At the Media Research Center, it seems, ranting loudly is the same thing as “research.”
In a Nov. 14 press release, headlined “Media Falsely Blame Conservatism for Republican Defeat,” the MRC asserts that “Following the re-election of Barack Obama, the liberal media are shamelessly using his win over moderate Mitt Romney to scare the GOP away from re-embracing its winning conservatism message.” It quotes MRC chief Brent Bozell saying:
“We hear this from the liberal media every single time the Republicans don’t win something. They have only one solution for the Republican Party: don’t be conservative. It’s never about the failures of the candidates or a poor voter turnout effort. It’s that Republicans are too conservative – a false conclusion that ignores the successful campaigns of conservatives Ronald Reagan, George H.W. Bush, and George W. Bush.
“The liberal media discourage candidates from being conservative because it helps their preferred liberal candidates. Mitt Romney didn’t embrace the conservative base and he lost, just like Bob Dole and liberal media sweetheart John McCain. The liberal media’s rush to scare the GOP away from conservatism is a deliberate attempt to divide the party. They don’t want Republicans to embrace conservative principals [sic] because conservative Republicans win.”
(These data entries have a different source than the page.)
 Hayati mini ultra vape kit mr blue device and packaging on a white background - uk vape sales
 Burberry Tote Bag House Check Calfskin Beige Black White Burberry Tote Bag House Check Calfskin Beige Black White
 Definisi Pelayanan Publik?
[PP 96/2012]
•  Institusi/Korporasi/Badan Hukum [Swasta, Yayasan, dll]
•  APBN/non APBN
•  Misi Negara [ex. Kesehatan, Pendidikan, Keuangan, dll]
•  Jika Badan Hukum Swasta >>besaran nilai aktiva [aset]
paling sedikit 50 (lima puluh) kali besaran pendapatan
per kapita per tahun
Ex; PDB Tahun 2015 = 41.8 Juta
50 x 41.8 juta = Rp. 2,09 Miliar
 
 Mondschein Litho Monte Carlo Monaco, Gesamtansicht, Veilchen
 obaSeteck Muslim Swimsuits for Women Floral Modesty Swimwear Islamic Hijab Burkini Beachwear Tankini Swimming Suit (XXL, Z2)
But nothing Bozell or the MRC presents here disproves the idea that conservatism cost the GOP the election. Merely saying something is “false” doesn’t equal proof. And Bozell’s invoking the “the successful campaigns of conservatives Ronald Reagan, George H.W. Bush, and George W. Bush” ignores the fact that the American electorate has changed since the Reagan era in a way that appears to no longer favor current-day conservative policies.
Yet, as we’ve seen, this sort of thing — ranting and pre-determined conclusions — has been what passes for “research” at the MRC for years.